A Sen. Marc Pacheco bill (S 454) and Ways and Means Committee redraft (S 2308) that would require each of the state’s cities and towns to reduce their solid waste to no more than 600 pounds per capita by July 2018 and no more than 450 pounds per capita by July 2022. A similar iteration of the bill passed the Senate, but not the House, in 2014.

“The more trash we put into landfills, the more we fill up landfills quickly, the more greenhouse gases we have emitted from landfills,” Pacheco said. “It’s a never-ending cycle that we really can’t have continue. Not only is it environmentally the wrong thing to do, but also the public health aspect of it is not positive, and economically it could save cities and towns and taxpayer resources.”

According to Pacheco, 53 percent of Massachusetts communities are already in compliance with the proposed 2018 per person cap and 26 percent of municipalities already meet the 2022 requirement.

The bill mirrors the structure of the 2008 Global Warming Solutions Act, which Pacheco also sponsored. The GWSA mandates that the state must reduce greenhouse gas emissions to 25 percent below 1990 statewide levels by 2020, and 80 percent below 1990 levels by 2050.

“This is trying to set standards that communities need to move towards. It would be consistent with the overall requirements of the Global Warming Solutions Act,” Pacheco said. “Greenhouse gas emissions from landfills are a significant part of our greenhouse gas emissions problem.”

Among the 14 amendments filed to Pacheco’s bill is a Sen. Jason Lewis proposal to scrap Pacheco’s per capita standards and replace them with language directing the Department of Environmental Protection to “develop standards, designed to decrease over time, on a per capita or per household basis, that serve the goal of reducing the quantity of solid waste produced in the commonwealth.”

Lewis, who co-sponsored Pacheco’s original bill, also filed an amendment to allow DEP to enforce bans on recyclable or toxic materials being disposed of like other solid waste, which could help prevent those materials from being counted against the per person standards.

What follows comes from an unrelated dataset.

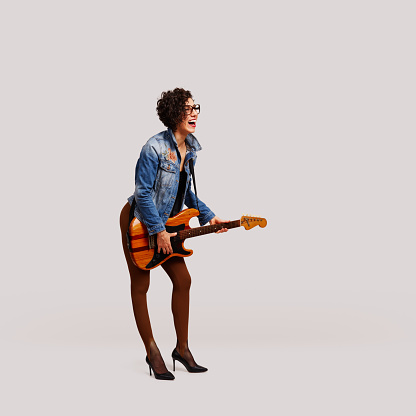 Cheerful female rock musician enjoys the music with electric guitar on white background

One recurring target for amendment is the section of the bill that would require municipalities to annually report to DEP the total weight of solid waste disposed of each year.

Sen. John Keenan filed an amendment that would exempt any municipality that “demonstrates a deficiency in the state appropriation required” to comply with the reporting requirement, and Sen. Patrick O’Connor has proposed scrapping the reporting requirement all together.

Sen. Anne Gobi, who represents several rural towns in north central Massachusetts, has filed an amendment that would exempt from the solid waste reduction standards any municipality that does not operate trash and recycling collection.

And Sen. Jamie Eldridge has proposed requiring all privately-contracted waste disposal or trash hauling companies to provide recycling collection for their customers.

The Senate has also prepared to debate a Gobi bill (S 1653) that would require all state facilities with more than 50 employees to implement recycling programs for a selected list of materials — including lead batteries, metal and glass containers, single-polymer plastics, paper, yard waste, tires, fluorescent lamps, cathode ray tubes and construction material — and file annual reports on the amount of waste generated and recycled.

Tarr filed the only two amendments to that bill, one of which calls for carpets to be included in the list of materials that must be included and the other of which would require the annual reports to include information on the cost of running the recycling program.

Also teed up for consideration is legislation calling for a 10-year ban on hydraulic fracturing, often referred to as fracking, in Massachusetts.

The fracking moratorium would run from Jan. 1, 2017 to Dec. 31, 2026 and would ban hydraulic fracturing — the pumping of fluid into the ground to extract oil or gas from the resulting fractures — and the collecting, storage, treatment or disposal of hydraulic fracturing fluid waste byproducts in Massachusetts, according to a bill summary. The fluid would be categorized as a pollutant, and the Division of Water Pollution Control would be given the authority to enforce the moratorium.

Sen. O’Connor of Weymouth filed the only three amendments to the fracking ban bill, each one concerning natural gas compression stations.

O’Connor, who is also president of the Weymouth Town Council, opposes the plan of Houston-based Spectra Energy to build a 7,700-horsepower natural gas compressor station in Weymouth.

The bill, also sponsored by Pacheco, comes after other attempts to ban fracking in Massachusetts have failed.